• _ABOUT THIS TASK_
Only the lines from the beginning of the material below through the line with "The FRTS features" should be retyped exactly, and pictures are to be skipped.

• _STORED DATA_
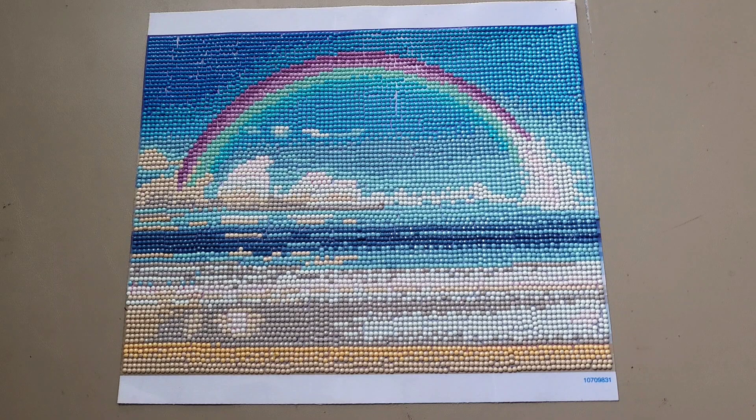Hi friends, welcome back to my channel. Life is Tiff Knows It. Tiff here bringing you my favorite style of video to make — post reviews.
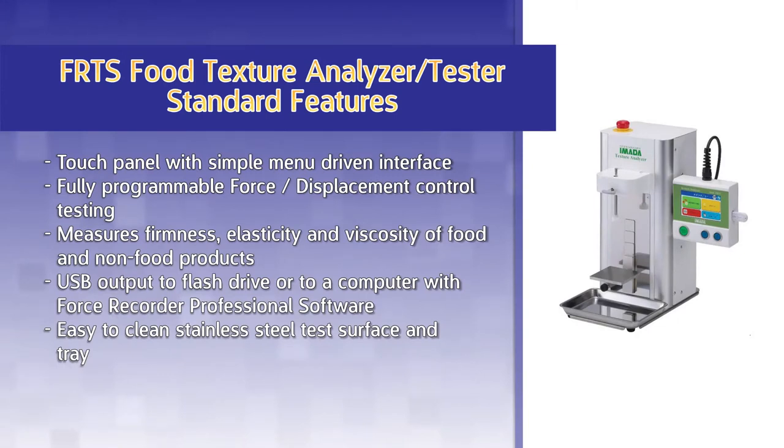The FRTS features a touch panel with a simple menu-driven interface. The tester features fully programmable force and displacement control testing. Measure firmness, elasticity, viscosity, and other textural characteristics of food and non-food products.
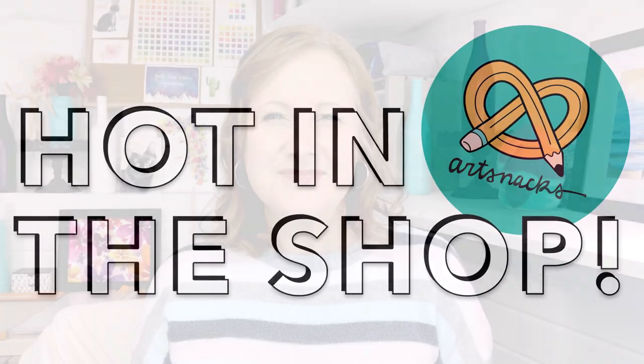Hello again ArtSnackers, welcome or welcome back to Hot in the Shop. In this video I'll be showing you some card decorating techniques using the Fabriano Medio Ivala Stationery. If we haven't met yet, my name is Jenny. I'm a mixed media artist and the content creator behind anartfullylivelife.com. Let's get into some card making.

• _ANSWER BELOW_
Hi friends, welcome back to my channel. Life is Tiff Knows It. Tiff here bringing you my favorite style of video to make — post reviews.
The FRTS features a touch panel with a simple menu-driven interface. The tester features fully programmable force and displacement control testing. Measure firmness, elasticity, viscosity, and other textural characteristics of food and non-food products.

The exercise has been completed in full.